Vermieter darf Teppich nicht gegen Mieterwillen abschaffen

29. April 2016

Der Vermieter einer Wohnung darf im Rahmen seiner Instandhaltungspflicht (§ 535 Abs. 1 S. 2 BGB) einen mit vermieteten Teppichboden nicht ohne weiteres gegen den Willen des Mieters durch einen Laminatboden ersetzen. (LG Stuttgart, Urteil vom 1. Juni 2015, Az. 13 S 154/14)

DER FALL
Die Mieterin begehrte von ihrem Vermieter im Rahmen seiner Instandhaltungspflicht aus § 535 Abs. 1 S. 2 BGB den Austausch des Teppichbodens in der von ihr angemieteten Wohnung. Dieser sollte in Farbe, Art und Güte mit dem alten Teppichboden vergleichbar sein. Der Vermieter war nur bereit, anstelle des Teppichbodens einen alternativen Bodenbelag in Form von Laminat verlegen zu lassen. Die Mieterin bestand mit Erfolg auf das Verlegen eines neuen Teppichbodenbelags.

DIE FOLGEN
Gemäß § 535 Abs. 1 S. 2 BGB darf der Vermieter die Mietsache unwesentlich und ohne Wertverlust verändern, allerdings ist er bei der Mängelbeseitigung gehalten, die Mietsache möglichst im ursprünglichen Zustand zu erhalten. Eine wesentliche Veränderung wäre keine Erhaltungsmaßnahme, sondern eine Modernisierungsmaßnahme nach § 555 b BGB, die eine formelle Ankündigung nach § 555 c BGB zur Voraussetzung hätte. Ob eine wesentliche Veränderung vorliegt, bewertet sich nach dem ursprünglichen Zustand bei Vermietung und dem subjektiven Wohngefühl des Mieters. Es kommt nicht darauf an, ob der ursprüngliche Zustand schriftlich im Vertrag festgelegt wurde, da der bei Vertragsschluss bestehende Zustand als „vertragsgemäß“ gilt. Beurteilt man den Wechsel von Teppich zu Laminat nicht als wesentliche Abweichung, ist gleichwohl eine Abwägung zwischen dem Wohngefühl des Mieters und den Interessen des Vermieters notwendig. Das Argument der längeren Lebensdauer von Laminat greift nicht, da hier auch der Teppichboden 17 Jahre in der Wohnung lag und Laminat keine wesentlich höhere Lebensdauer hat. Auch dass ein anderer Bodenbelag einfacher zu pflegen sei, fällt nicht in das Interessenfeld des Vermieters, da diese Pflicht dem Mieter selbst zufällt.
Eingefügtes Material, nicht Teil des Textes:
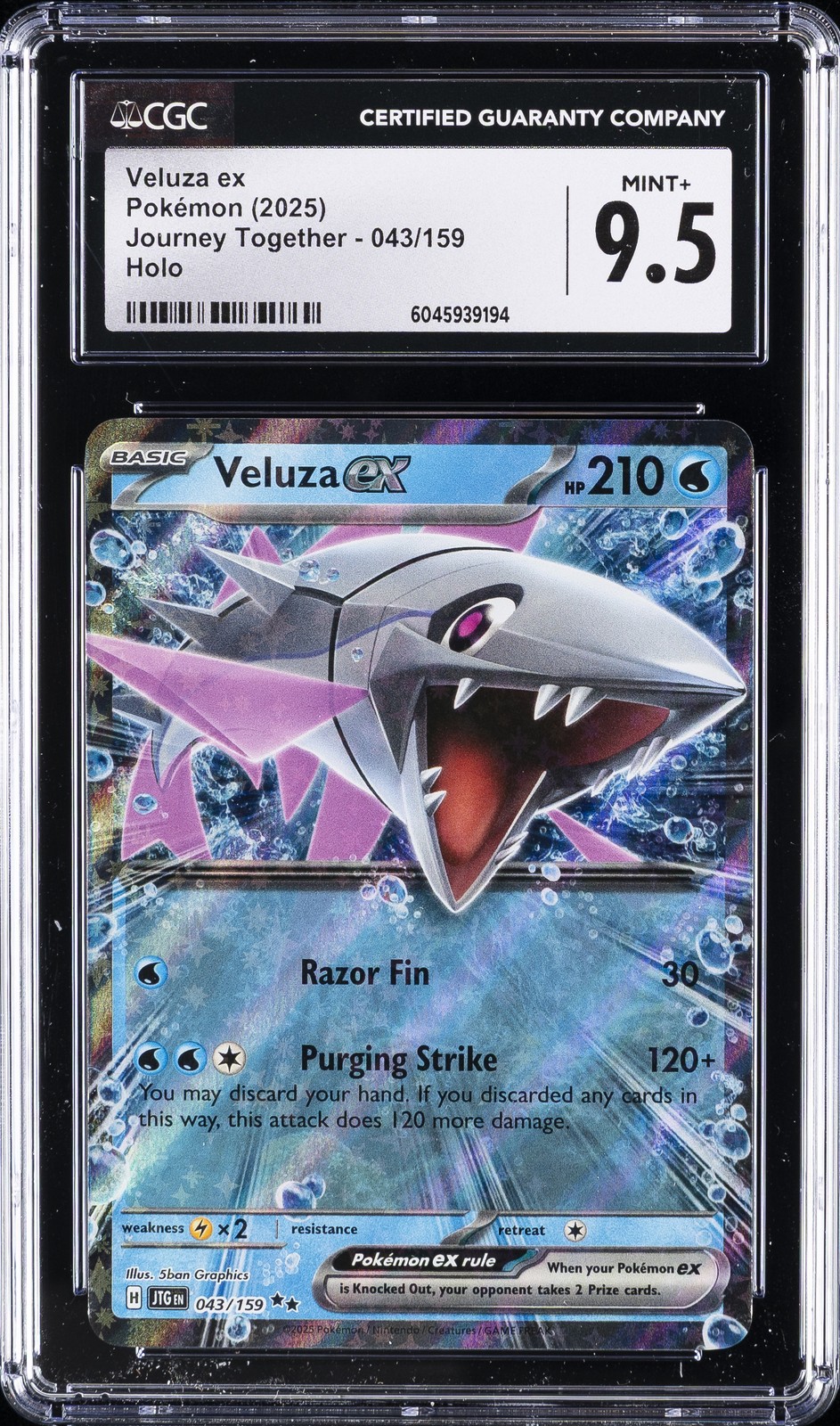 2025 POKEMON JOURNEY TOGETHER HOLO #043/159 VELUZA EX CGC 9.5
Zu berücksichtigen ist aber das Interesse der Mieterin, ihre Nachbarn nicht durch deutlich hörbare Schritte zu stören.

WAS IST ZU TUN?
Veränderungen in einer vermieteten Wohnung gelten als Modernisierung im Sinne von § 555 b BGB, wenn die Räumlichkeiten nicht vergleichbar mit dem vorherigen Zustand und die Veränderungen damit wesentlich sind. Eine solche Maßnahme muss nach den Voraussetzungen für Modernisierungen (§§ 555 b ff. BGB) durchgeführt und z.B. mit einer Frist von drei Monaten angekündigt werden. Diese BGH-Entscheidung legt die Vermutung nahe, dass der Vermieter auch bei von ihm durchzuführenden Renovierungen nicht frei über die Farbwahl der Wände entscheiden darf. Dem Wohngefühl des Mieters und dem ursprünglichen Zustand der Wohnung wird große Bedeutung zugemessen. Dass Vermieter während der Mietzeit renovieren müssen, dürfte aufgrund der vielen unwirksamen Renovierungsklauseln in Formularmietverträgen häufig vorkommen.